In Landet stiger (2026), Tangrand begins with Moe’s retelling of Lille Indre Rosøya / Ringvirkninger, seeking to recreate the island’s outline through an oral description. A shift emerges between original and translation, reality and imagination, as the work considers what happens when a place is retold. The sculpture holds distance and proximity at once, carrying a major intervention in the natural landscape as a physical and tactile experience, as memory and as language. Extending from this, the image of Atlantis also comes into view, the mythical island state that, according to Plato, was swallowed by the sea in a single day and night. Atlantis functions as a resonant backdrop, a narrative of lost landscapes, hubris, and collapse. It casts an oblique glance at our own time, in which the sea once again rises, slowly yet inevitably, and the balance of nature can no longer be taken for granted.

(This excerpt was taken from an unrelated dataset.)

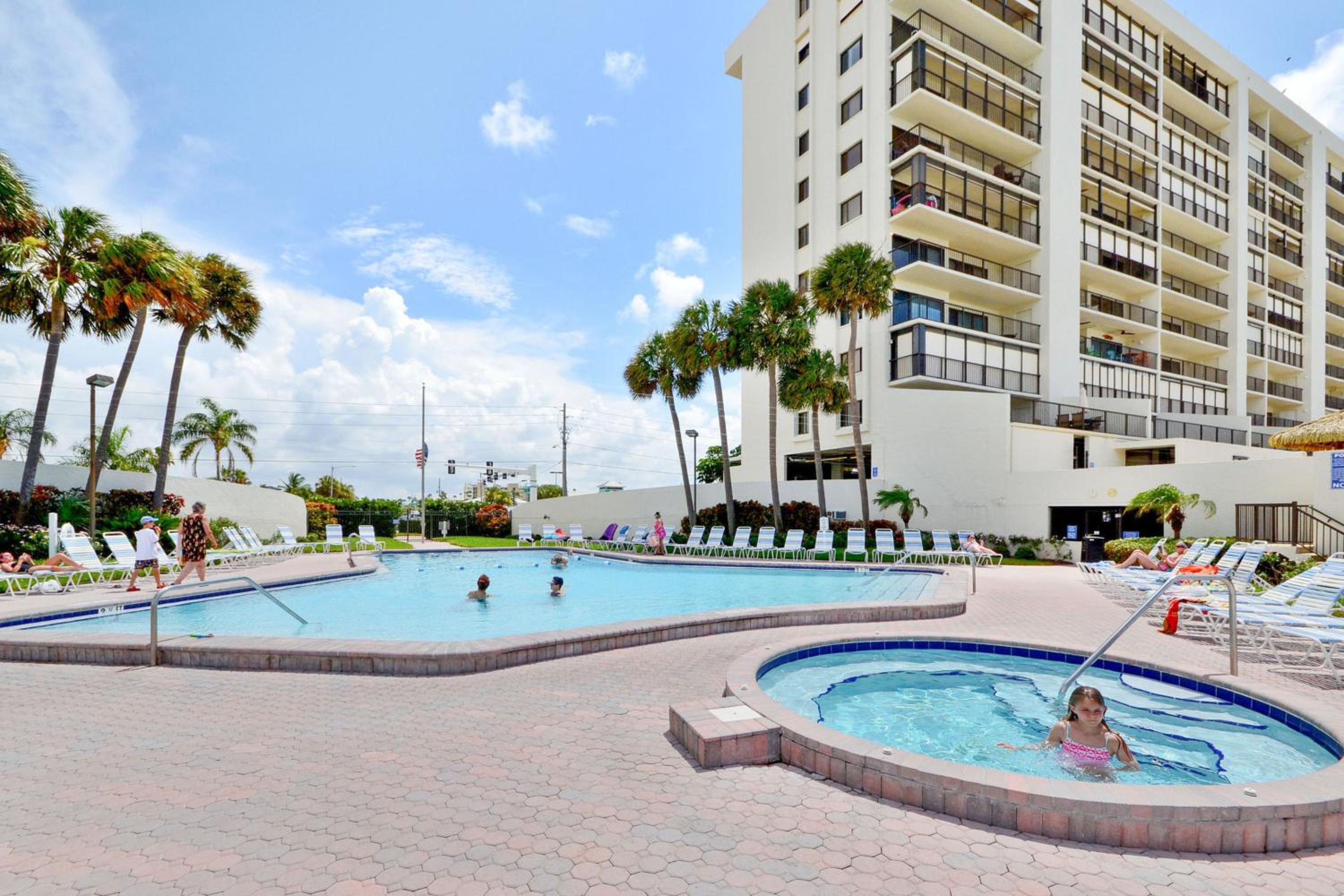 Ocean Sands 908 view 4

Gunvor Tangrand (born in 1970 in Vikten in Lofoten) is a ceramic artist who lives and works in Stamsund. She holds a BA in ceramics from the Bergen Academy of Art and Design (2000) and has run RokkvikaPorselensfabrikk since 2018. Her artistic practice is rooted in ceramic traditions and form-giving, ranging from functional objects to sculptural works that evolve as a natural extension of material exploration. Tangrand had her first solo exhibition at Kunstforeningen i Svolvær in 2023. She has collaborated with Valrygg Architects, leading to participation in fairs and coverage in publications such as Room Magazine, Ark Journal and Bonytt. In 2025, she participates in the Norwegian Association for Arts and Crafts Annual Exhibition at Lillehammer Art Museum.
Marianne Moe (born in 1975 in Herøy on the Helgeland coast) lives and works in Bergen. She holds a postgraduate degree in textile art from the Bergen Academy of Art and Design (2002). Moe’s practice is firmly rooted in the textile field, and she primarily works with felted wool in various qualities. She is particularly known for large-scale, monumental works with a strong material and spatial presence, often referencing landscape and nature. Moe has participated in numerous juried exhibitions and was awarded the Finn Erik Alsos Memorial Prize at the Norwegian Association for Arts and Crafts Annual Exhibition in 2025. Her works are held in collections including the National Museum of Norway, the City of Oslo Art Collection and KODE Art Museums and Composer Homes. She also works extensively with public art, most recently completing a major commission for Tønsberg District Court in 2025.